What if I told you there was a bill that would make it easier for law enforcement to stop child pornography and protect children, would you be for it. What if I told you that there was a bill that forced ISP to retain their customer names, addresses, phone numbers, credit card numbers, bank account numbers and temporary assigned ISP addresses. What would you think of that bill. Well, what you say if I told you it was all the same bill, well it is. The House Judiciary Committee passed HR 1981- The Protecting Children from Internet Pornographers Act of 2011. If this bill passes the full House and Senate and becomes law it would require ISPs to keep 12 months worth of personal information. Anyone with access to the information would be able to tell what web sites you visited and what content you posted on-line. Those who support the legislation say it will help law enforcement fight child pornography, because there will be a semi-permit record to follow and the pornographers will not be able to hide their tracks. Those who oppose the legislation including the EFF say it assumes that everyone is guilty and that it erodes the rights of everyone online.

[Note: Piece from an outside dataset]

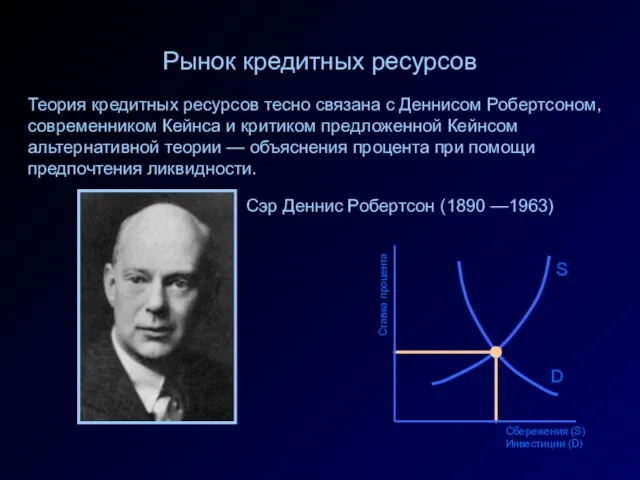 S Ставка процента Сбережения (S) Инвестиции (D) D Рынок кредитных ресурсов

Of course the title of this bill, makes being against it difficult. What nobler cause is there then being against child pornography. The problem with this line of thinking is that it is so easy to give up rights in the name of security or to protect a vulnerable group, it is a path we should only take if absolutely necessary. There are already various laws and technologies that deal the same issue including the 2008 “Protect Our Children Act” which already requires ISP’s to report any time they have actual knowledge of possible transmission of child pornography. If this bill does become law and once the data is collected don’t be surprised if other interest including the RIAA and the MPAA will begin to want access to this same data in their ongoing fight against piracy.
Not only does this bill erode users rights and privacy, but it puts a burden on the ISPs to not only maintain those records, but to protect that information from hackers. Recent history has shown that this is very difficult and costly. Larger ISP can handle the cost, smaller ISPs may not have the means to handle the burden. This may lead to less choice for the consumer in the long run Also the more tech savvy pornographers will find ways around the system by using Tors, open wi-fi, bots and other methods. The question becomes how much privacy and rights of the innocents are we willing to give up to maybe stop the guilty.